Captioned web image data
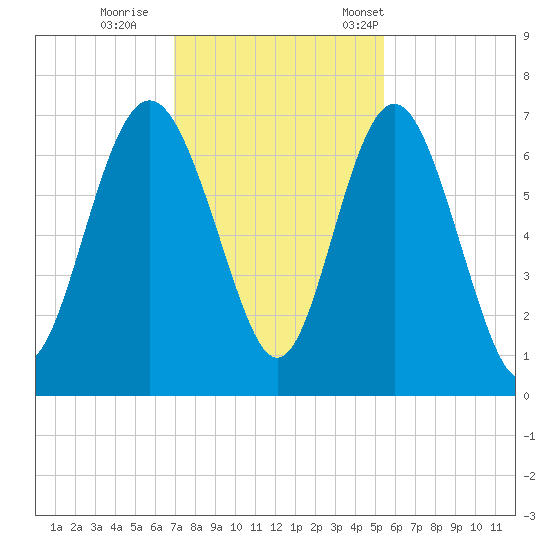 Daymark 239 tide chart for Sunday, November 20, 2022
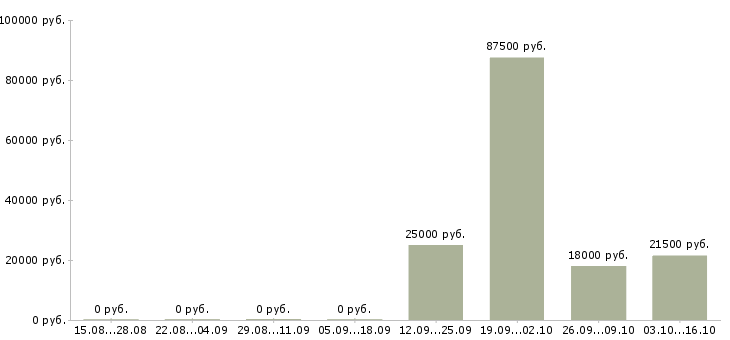 Вакансии руководитель международного направления в Новосибирске - Медиана зарплат руководитель международного направления в Новосибирске за 2 месяца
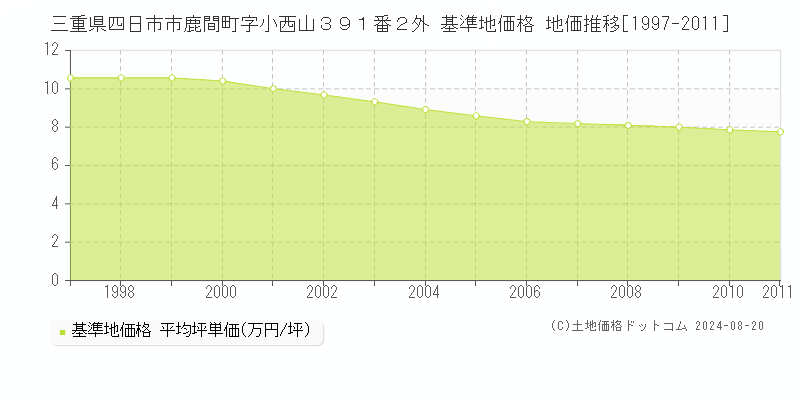 三重県四日市市鹿間町字小西山３９１番２外 基準地価 地価推移[1997-2011]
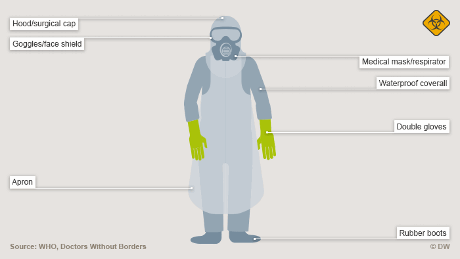 Bildergalerie Ebola - Schutzbekleidung für Ärzte und Pfleger Englisch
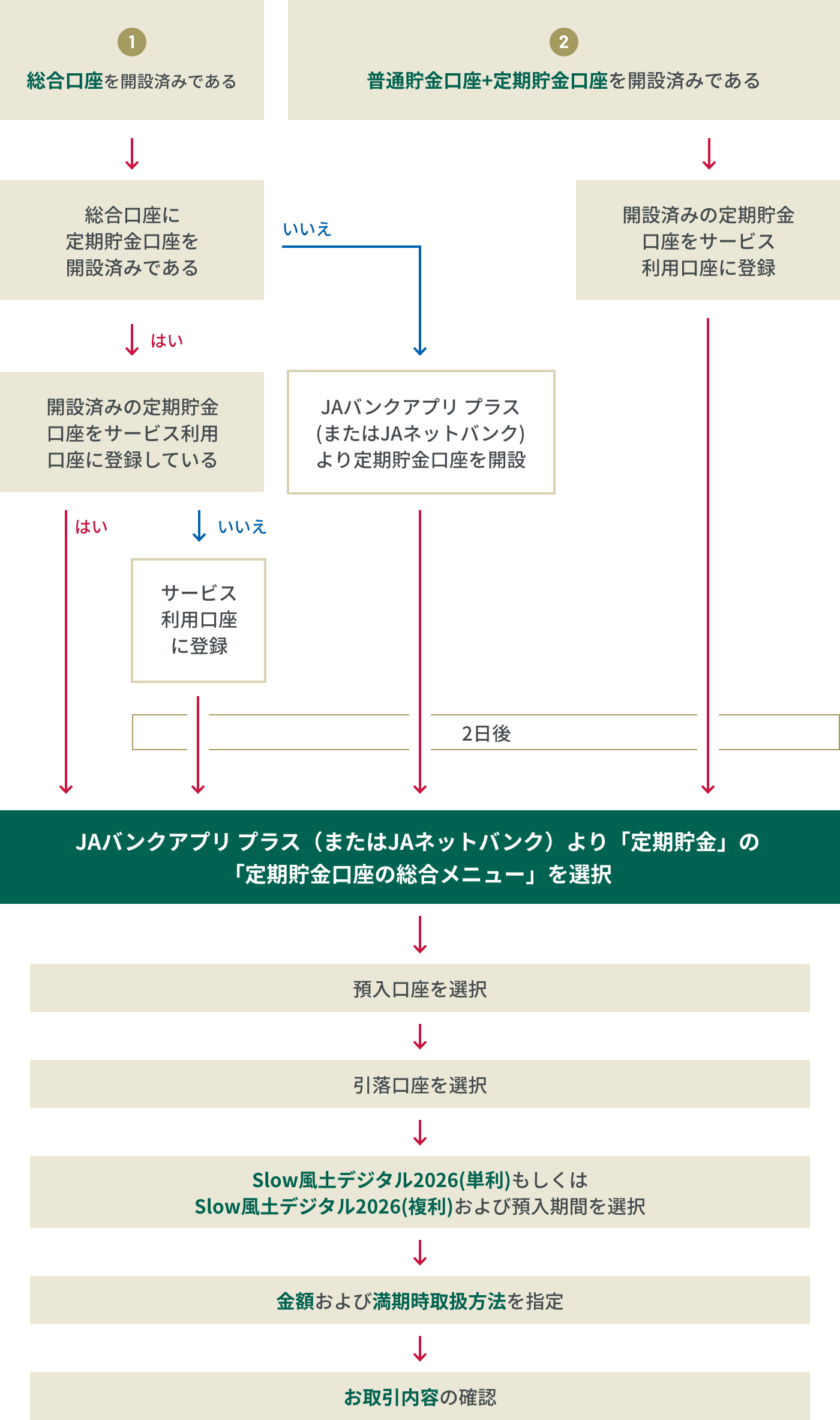 JAバンクアプリ プラス（またはJAネットバンク）での定期貯金契約の操作手順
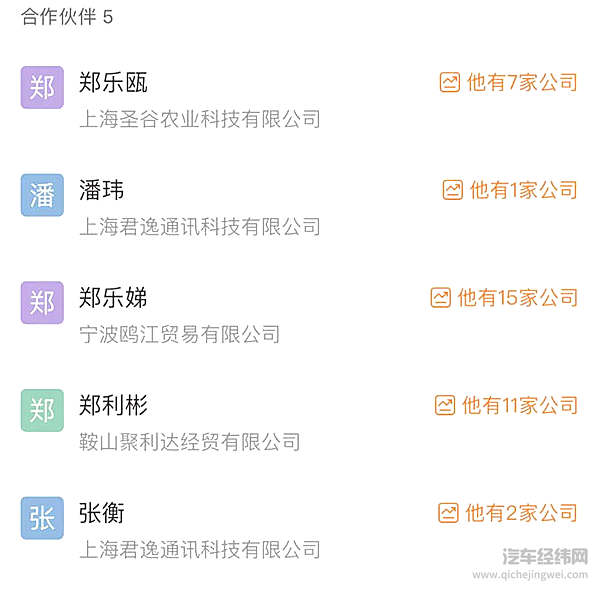 奇瑞下嫁 新郎疑云
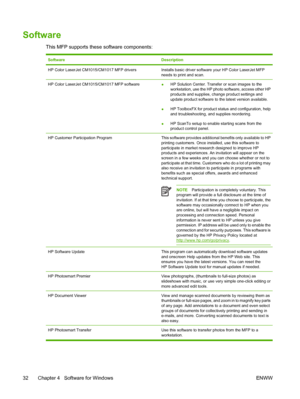 Page 46Software
This MFP supports these software components:
SoftwareDescription
HP Color LaserJet CM1015/CM1017 MFP driversInstalls basic driver software your HP Color LaserJet MFP
needs to print and scan.
HP Color LaserJet CM1015/CM1017 MFP software●HP Solution Center. Transfer or scan images to the
workstation, use the HP photo software, access other HP
products and supplies, change product settings and
update product software to the latest version available.
●HP ToolboxFX for product status and...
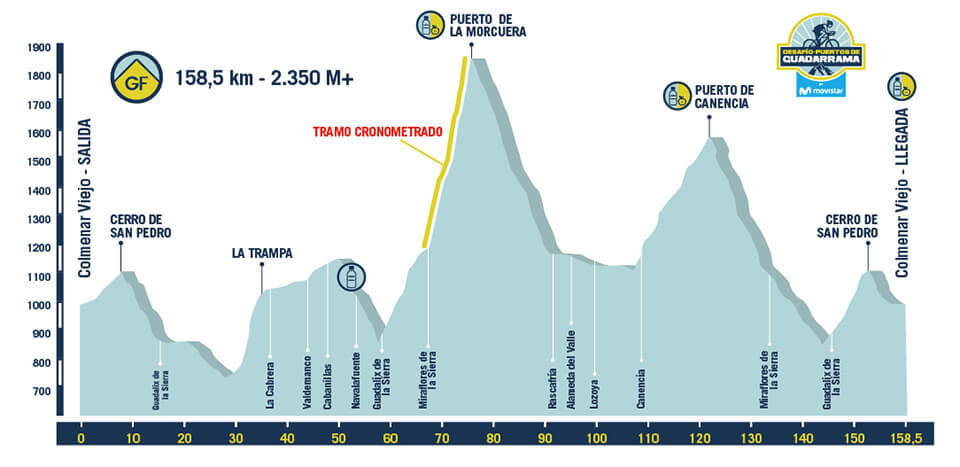 Últimas horas para inscribirte en el Desafío Puertos de Guadarrama by Movistar 2019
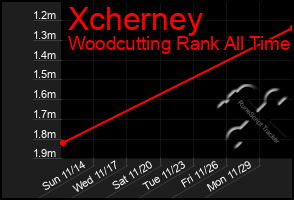 Total Graph of Xcherney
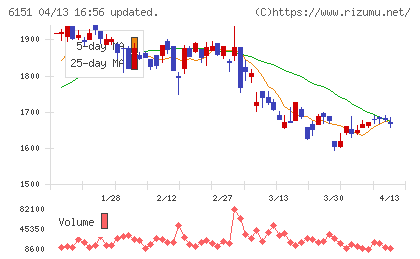 日東工器チャート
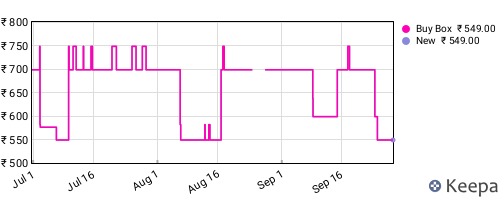 Amazon price history for the last three months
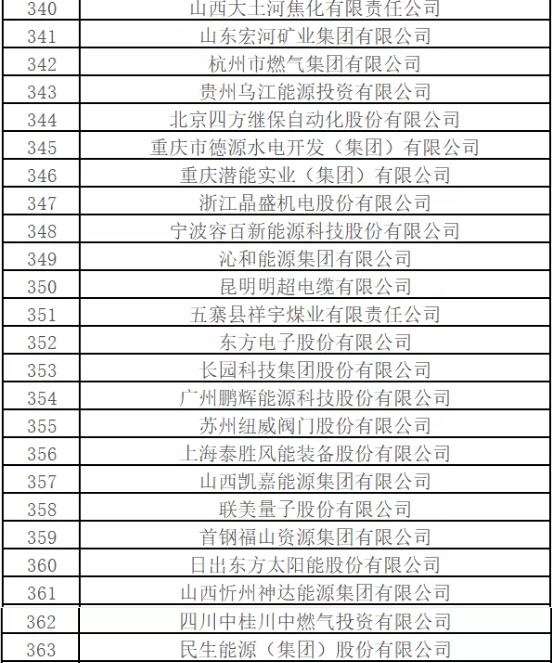 最新排名！中國(guó)能源500強(qiáng)出爐，哪些企業(yè)入圍？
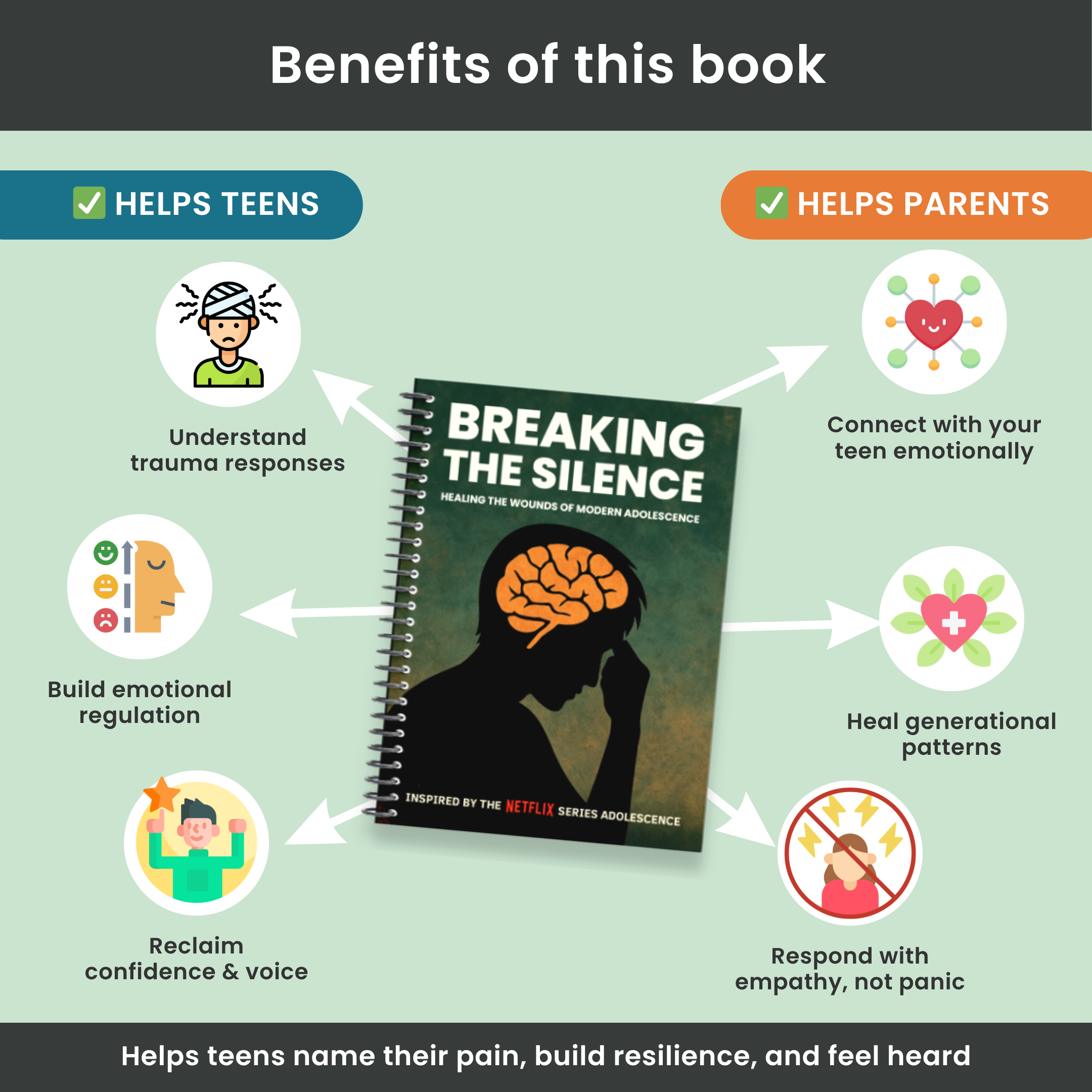 Breaking the Silence: Healing the Wounds of Modern Adolescence | Inspired By Netflix series Adolescence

THE PROBLEM => Copy word for word the lines of the records above from the one with "JAバンクアプリ プラス（またはJAネットバンク）での定期貯金契約の操作手順" up to and including the one with "update product software". Skip the pictures.

EXPECTED ANSWER =>
 JAバンクアプリ プラス（またはJAネットバンク）での定期貯金契約の操作手順
 奇瑞下嫁 新郎疑云
 Page 46Software
This MFP supports these software components:
SoftwareDescription
HP Color LaserJet CM1015/CM1017 MFP driversInstalls basic driver software your HP Color LaserJet MFP
needs to print and scan.
HP Color LaserJet CM1015/CM1017 MFP software●HP Solution Center. Transfer or scan images to the
workstation, use the HP photo software, access other HP
products and supplies, change product settings and
update product software to the latest version available.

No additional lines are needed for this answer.